El gueto interior, palabras puestas al silencio
Mi memoria desgastada y enriquecida por la imaginación quizá me traicione.
Hace diez días empecé a leer la novela El gueto interior, del franco-argentino Santiago H. Amigorena ((Random House). Ignoraba que esa historia conmovedora, basada en hechos reales, se parecía un poco a la de mi familia; menos aún suponía que, en 1968, había sido “vecino” de aquella saga ajena.
Santiago Amigorena (Buenos Aires, 1962), exiliado con sus padres en Francia desde la adolescencia, ha escrito sus obras en francés, pero se considera argentino. El gueto interior fue traducido al español por su primo, el escritor Martín Caparrós, que agregó dos páginas sobre su trabajo, quizá las más emocionantes de su notable producción.

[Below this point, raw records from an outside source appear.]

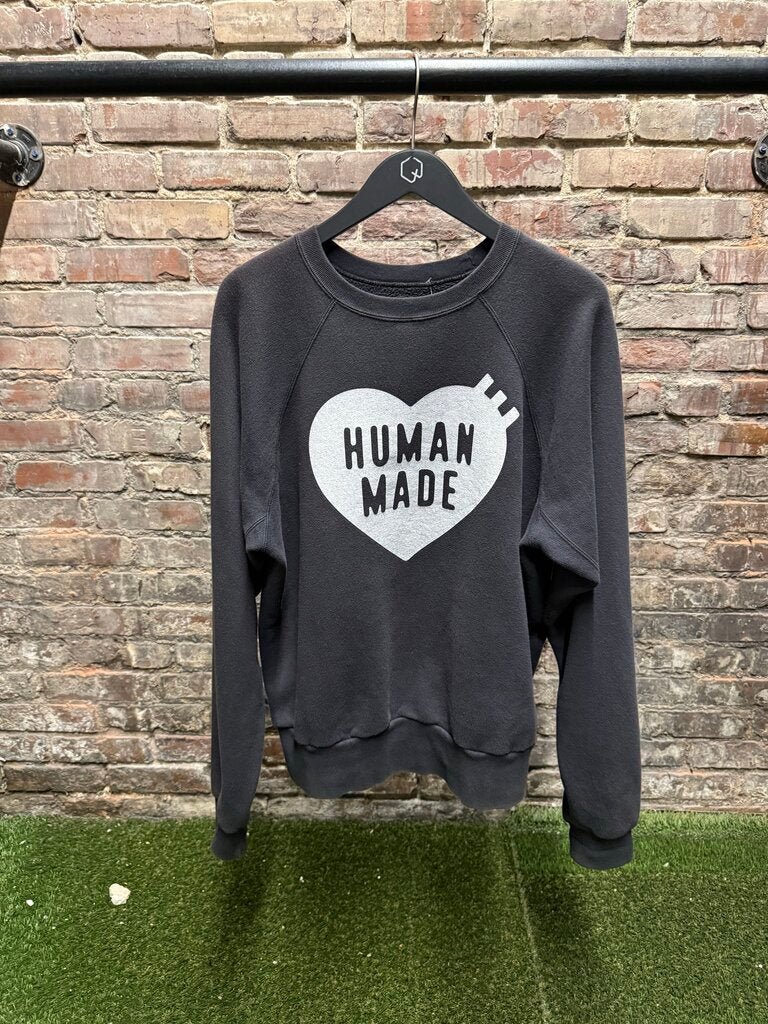 Human Made Heart Logo Crewneck Dark Grey L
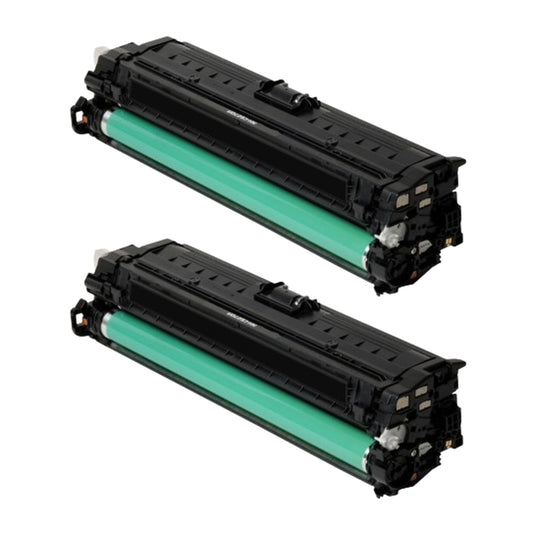 HP CE270A (650A) Black Compatible Toner Cartridge [13,000 pages] 2-Pack
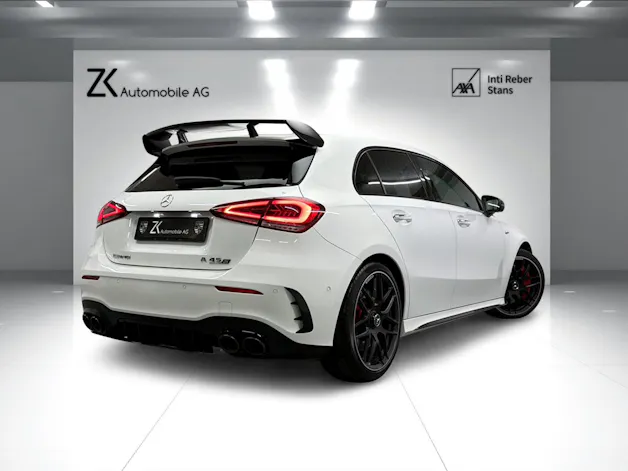 Mercedes-Benz A 45 S Performance 422PS Polarweiss AMG 4Matic+ Speedshift/ 360° Kamera / Panoramadach / Burmester / Head-Up / Night Paket /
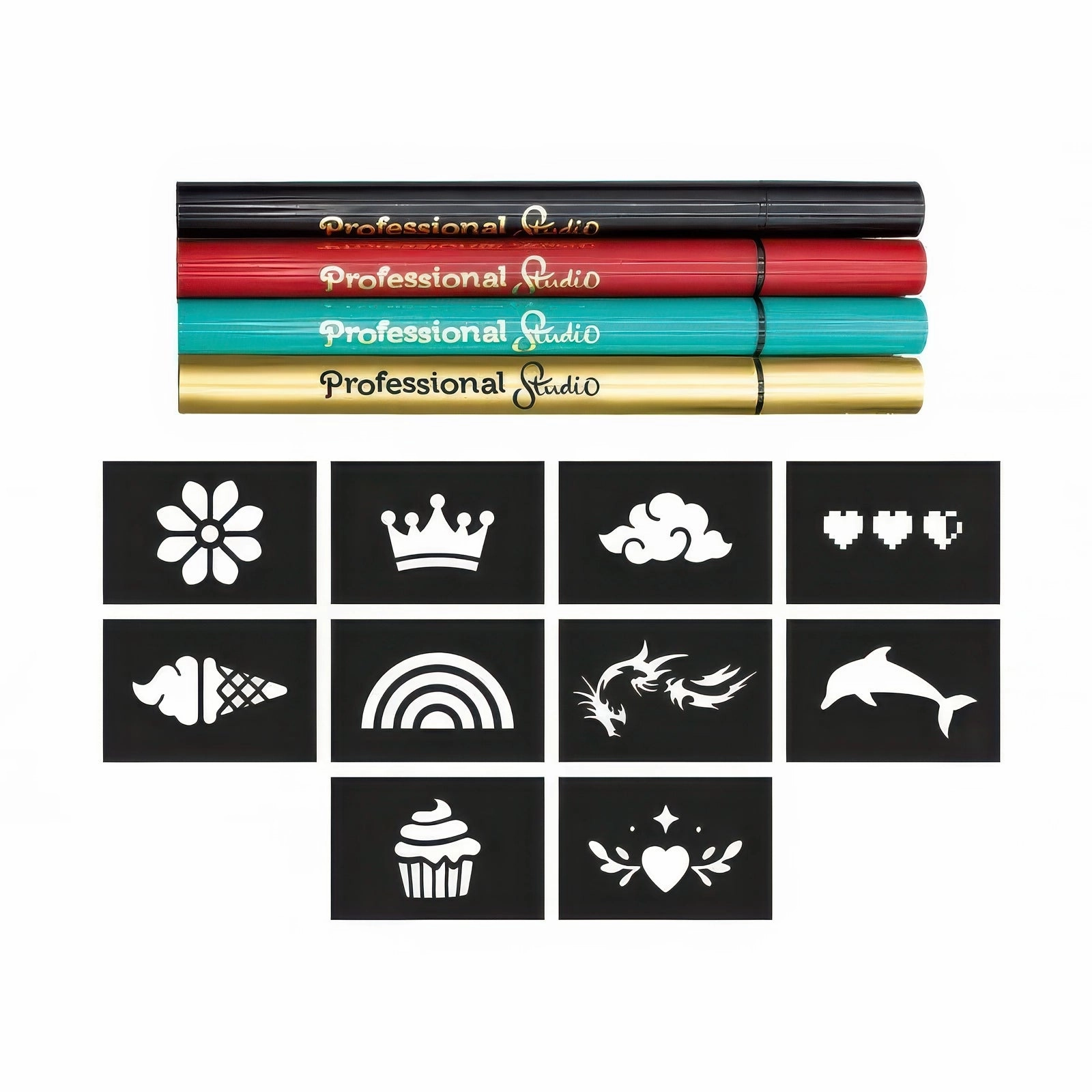 Imaginative play Buki France Tattoos Pens - Gold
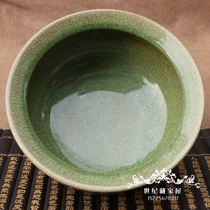 Promotion Jingdezhen Qing Flower Porcelain Bogu Shelf Furnishing Imitation Antique Porcelain Handmade Green Glazed Gossip Ceramic Incense Stove Pendulum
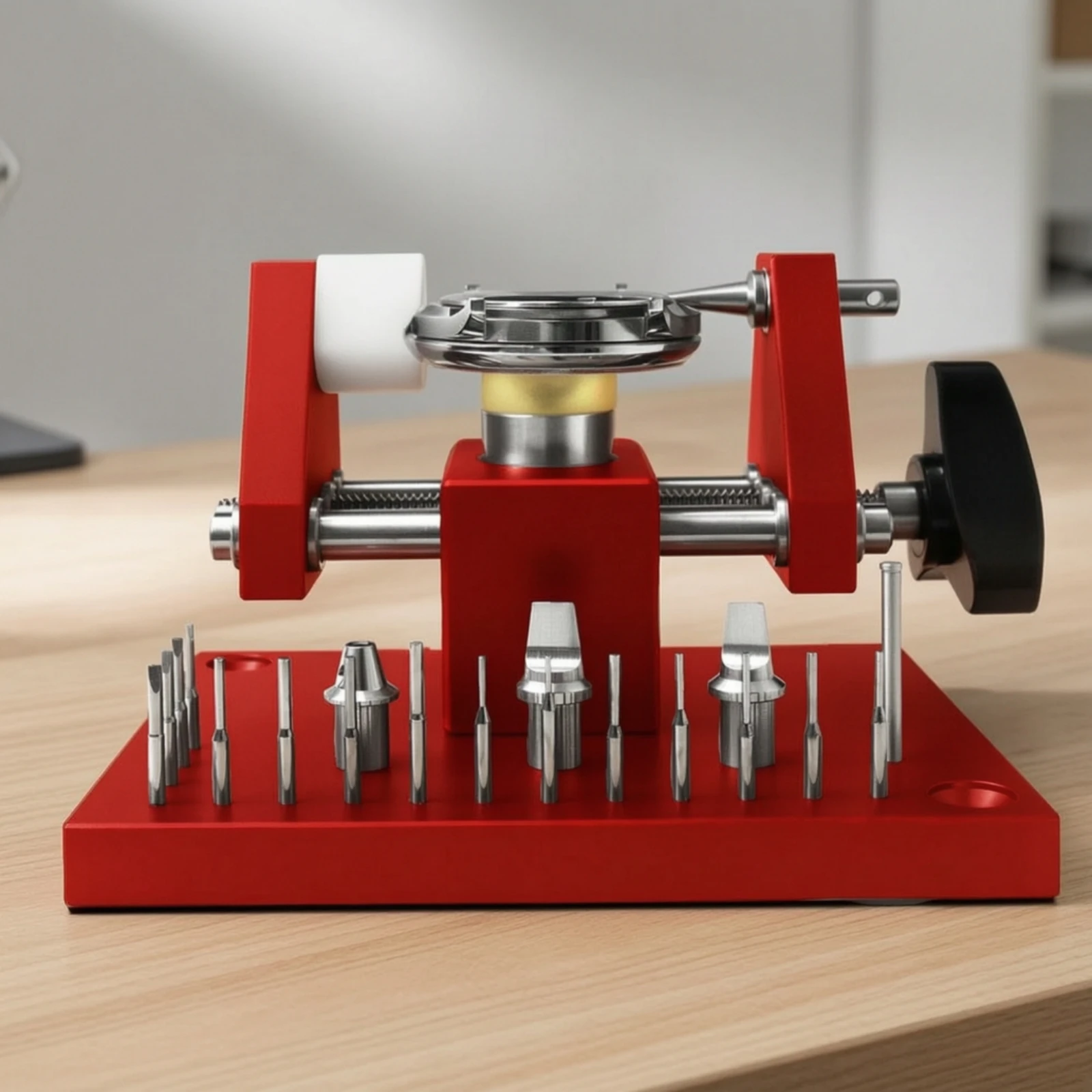 Bench Watch Case Opener Professional Watch Case Opener with Metal Base Precision Standard for Watchmakers, Workbench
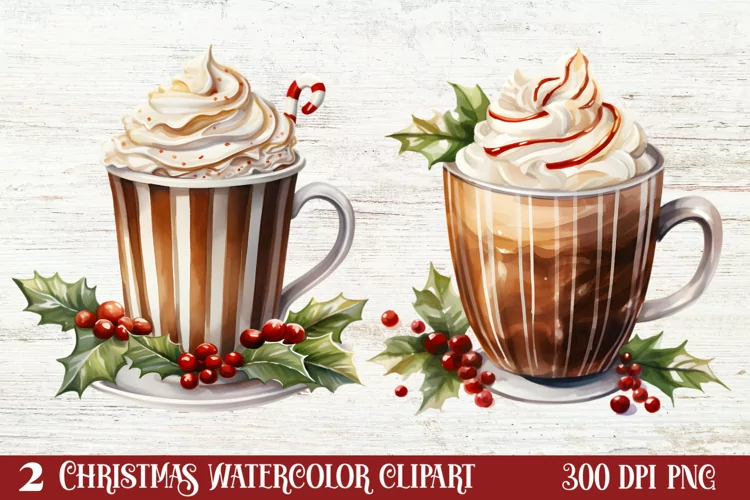 Christmas Drink Clipart Sublimation, Christmas PNG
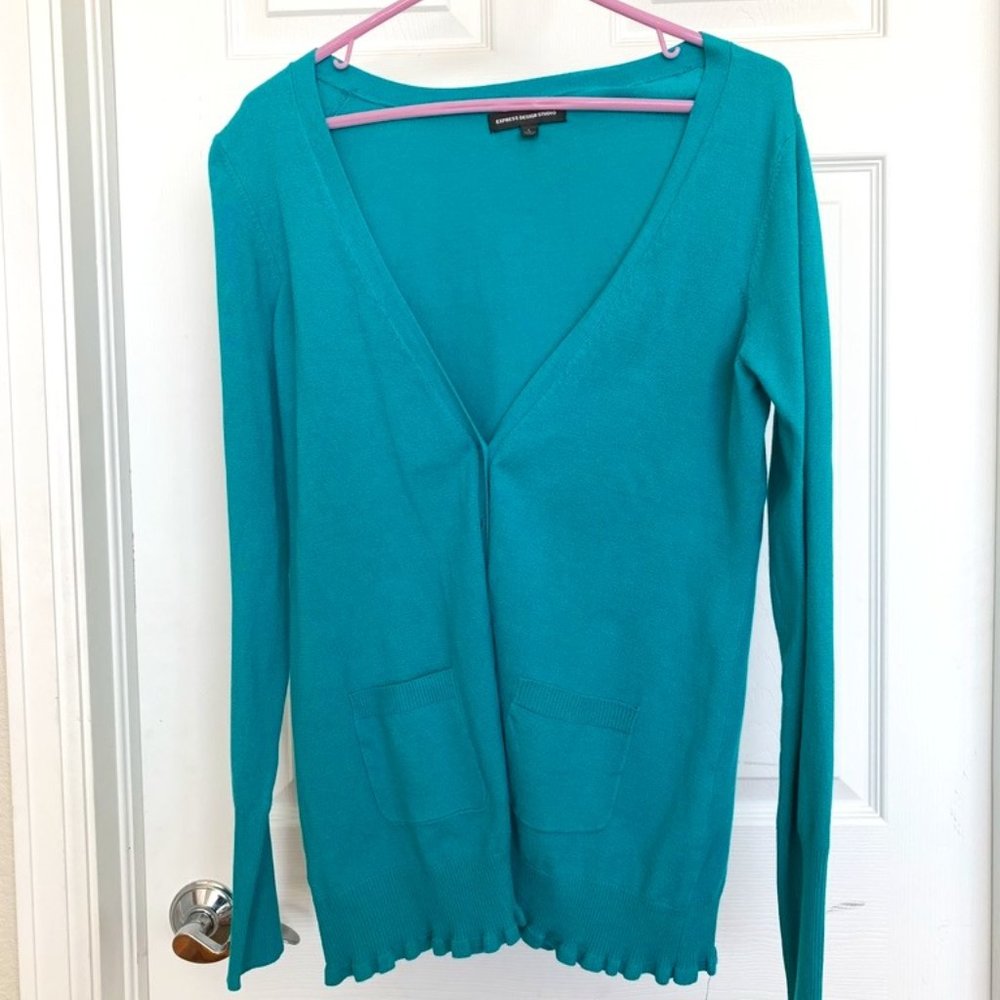 Brand new Express Turquoise Cardigan Sweater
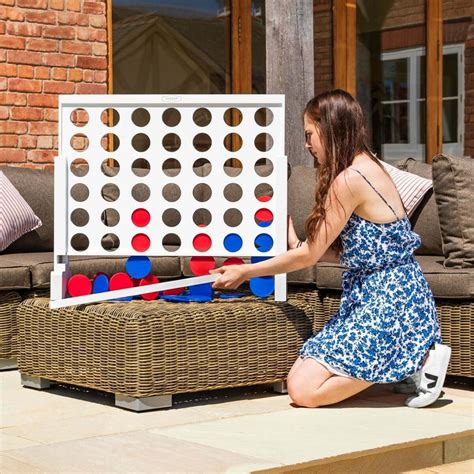 Giant Connect 4 Large Garden Connect 4 Net World Sports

En la década de 1960, ingresé en Claudia, la revista femenina más importante de su época en la Argentina. Una de las redactoras era la gran poeta Olga Orozco, que acababa de presentar su primer libro en prosa, La oscuridad es otro sol. Me asignaron uno de dos escritorios enfrentados; en el otro, se sentaba una muchacha hermosa. Ambos estábamos en nuestros roaring twenties. Ella era algo menor que yo. En pocos días, me di cuenta de que Viqui Rosenberg tenía una experiencia laboral y de vida muy superior a la mía. Compartíamos el mismo teléfono de línea. Era imposible que no oyéramos lo que el otro decía cuando hablábamos por ese medio. No sabía que, delante de mí, estaba la tía de los futuros escritores Martín Caparrós y Santiago Amigorena (por entonces Martín, el mayor, no había cumplido doce años). El tercer sobrino famoso de Viqui, el actor Mike Amigorena, aún no había nacido.
"No podía disfrutar de su bienestar porque su madre padecía hambre, frío y degradación en Varsovia. Esa culpa lo hundió en un silencio cada vez más profundo"
Viqui era una de las tres hijas de Vicente Rosenberg, el protagonista de El gueto interior, y de su esposa, Rosita. El libro cuenta la historia de ese judío polaco que emigró a Buenos Aires en 1928 para alejarse de las ataduras familiares y del antisemitismo nazi. Más tarde, insistiría mucho a su madre, Gustawa, y familiares para que se reunieran con él en la Argentina. Se negaron. Vicente jamás se perdonó por no haber insistido más. No podía disfrutar de su bienestar porque su madre padecía hambre, frío y degradación en Varsovia. Esa culpa lo hundió en un silencio cada vez más profundo. El cerco del gueto de Varsovia, en 1940, fue el infierno para Gustawa; y aisló a Vicente en un gueto interior.
El mutismo absoluto fue la respuesta del hijo a la deportación de su madre a Treblinka, donde murió. Del suicidio, a él lo salvó el nacimiento de Victoria, en 1945. Las cartas que Gustawa le había enviado a Vicente, con el tiempo, pasaron a manos de Viqui.
En 1968, yo desconocía esa historia narrada con austeridad ejemplar por Amigorena medio siglo más tarde. Pocos meses después de mi ingreso, Viqui se fue a vivir a Londres con su esposo. Antes, le hizo una muy buena entrevista al director y actor Leonardo Favio. Una tarde, sonó el teléfono común. Atendí. Era Favio, que pedía hablar con Viqui. Le pasé el tubo. Seguramente, pensé, quería agradecerle la nota. Ella respondió con cordialidad; de pronto, su voz se volvió más íntima, pero también estricta. Dijo algo parecido a esto: “Todo lo que hacés me interesa. Me gustaría tomar un café con vos, pero soy una mujer casada. Mi esposo y yo estamos muy enamorados. Estudio actuación, psicología, trabajo aquí, escribo. Tengo poco tiempo libre y todo ese tiempo lo quiero pasar con él”. Nunca supe de una mujer que dijera “no” con tanta elegancia, ternura y firmeza.
En 2009, Viqui escribió y publicó en inglés Time Secret, donde cuenta su versión de la historia familiar. Sobre ese material, el del libro Los abuelos de Martín Caparrós, y las cartas de su bisabuela, Santiago Amigorena escribió El gueto interior. Los tres pusieron palabras al silencio.
En 1944, mi padre leyó en los diarios porteños la crónica de la batalla de Filottrano, su pequeña ciudad natal, donde los italianos y polacos de la Resistencia luchaban contra los alemanes. No supo hasta la paz si su madre y sus hermanos estaban vivos. Se lamentaba, como Vicente, por no estar donde, se suponía, debía estar. La verdad no siempre es luz: “la oscuridad es otro sol”.